Wasserstein distributional adversarial training for deep neural networks
This work addresses adversarial robustness for deep neural networks, representing an incremental extension of existing adversarial training methods to distributional threats.
The paper tackles the problem of adversarial attacks on deep neural networks by extending TRADES adversarial training to handle distributional attacks using Wasserstein distributionally robust optimization. Experimental results show the method enhances Wasserstein distributional robustness while maintaining pointwise robustness, with improvements even on models pre-trained with 20-100M synthetic images using only 50k training images.

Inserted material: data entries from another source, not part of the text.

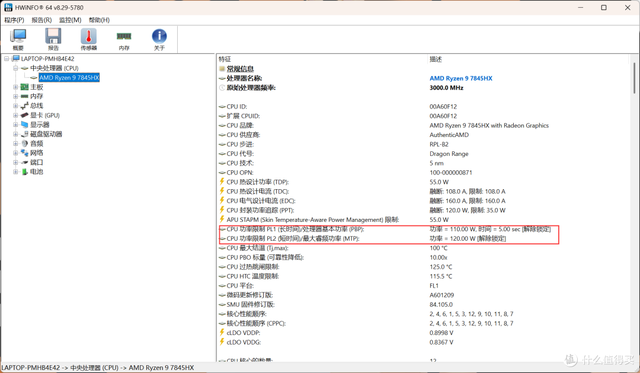 COLORFIRE MEOW R16 Pro ：潮玩设计遇上硬核性能的 AI 游戏本
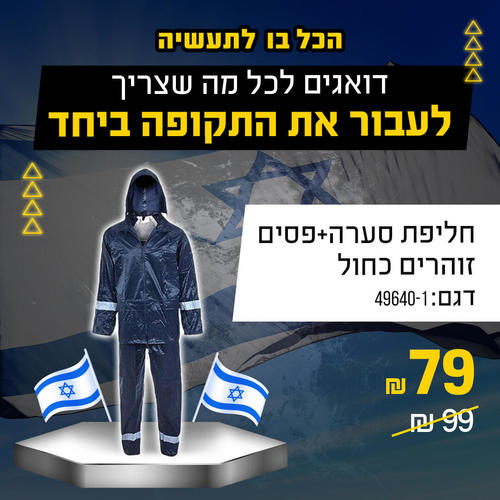 חליפת סערה+פסים זוהרים כחול
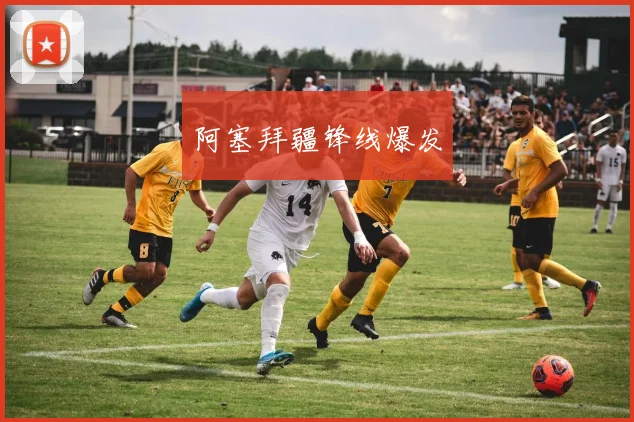 阿塞拜疆锋线爆发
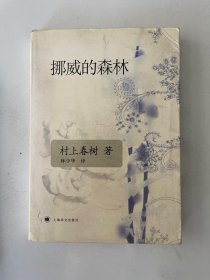 挪威的森林
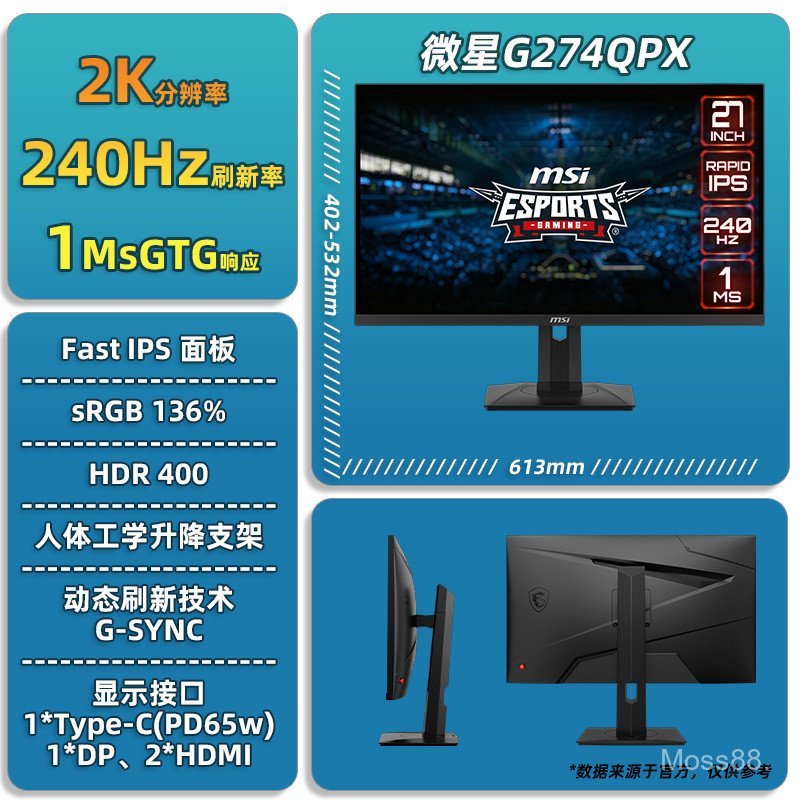เหมาะสําหรับ MSI27 นิ้ว 2k4k HD Monitor 180hz หน้าจอเกมคอมพิวเตอร์เดสก์ท็อป QRFW สีขาว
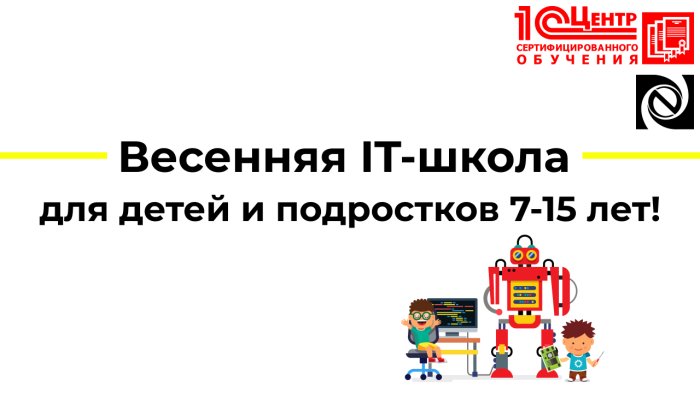 Весенняя IT-школа для детей и подростков 7-15 лет!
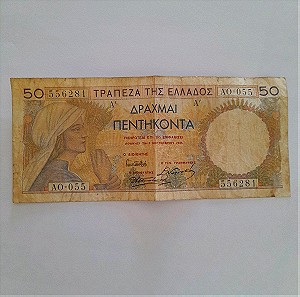 συλλεκτικό χαρτονόμισμα 50 δραχμών 1935
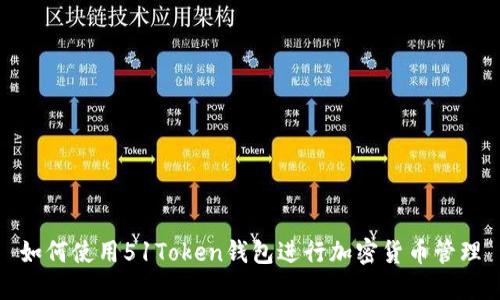 如何使用51Token钱包进行加密货币管理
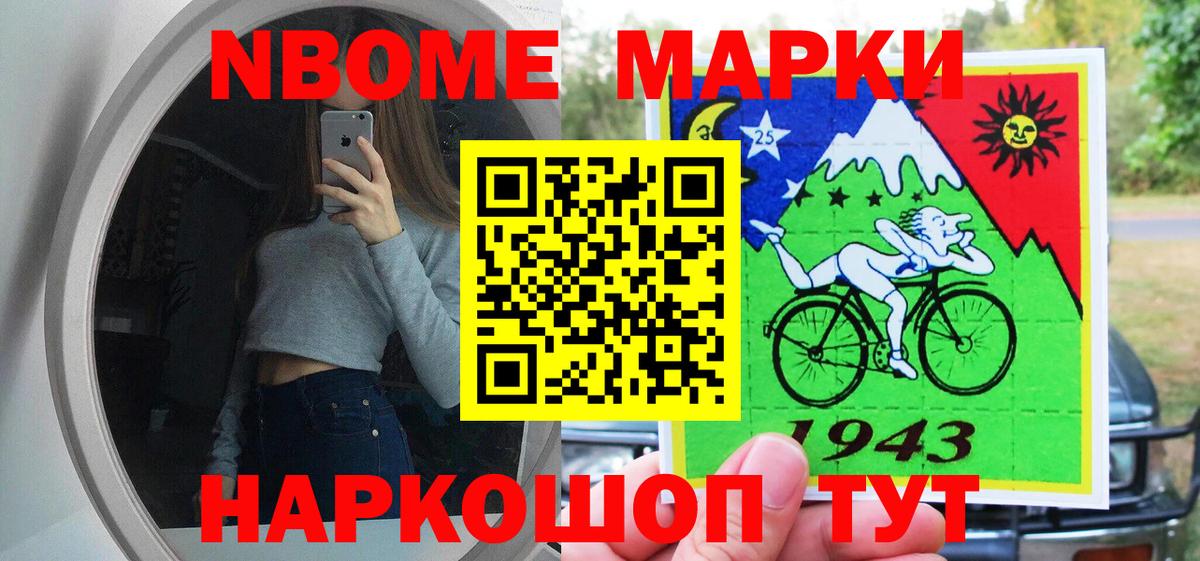 Марки 25I-NBOMe 1500мкг Дзержинский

Design of adversarial attacks for deep neural networks, as well as methods of adversarial training against them, are subject of intense research. In this paper, we propose methods to train against distributional attack threats, extending the TRADES method used for pointwise attacks. Our approach leverages recent contributions and relies on sensitivity analysis for Wasserstein distributionally robust optimization problems. We introduce an efficient fine-tuning method which can be deployed on a previously trained model. We test our methods on a range of pre-trained models on RobustBench. These experimental results demonstrate the additional training enhances Wasserstein distributional robustness, while maintaining original levels of pointwise robustness, even for already very successful networks. The improvements are less marked for models pre-trained using huge synthetic datasets of 20-100M images. However, remarkably, sometimes our methods are still able to improve their performance even when trained using only the original training dataset (50k images).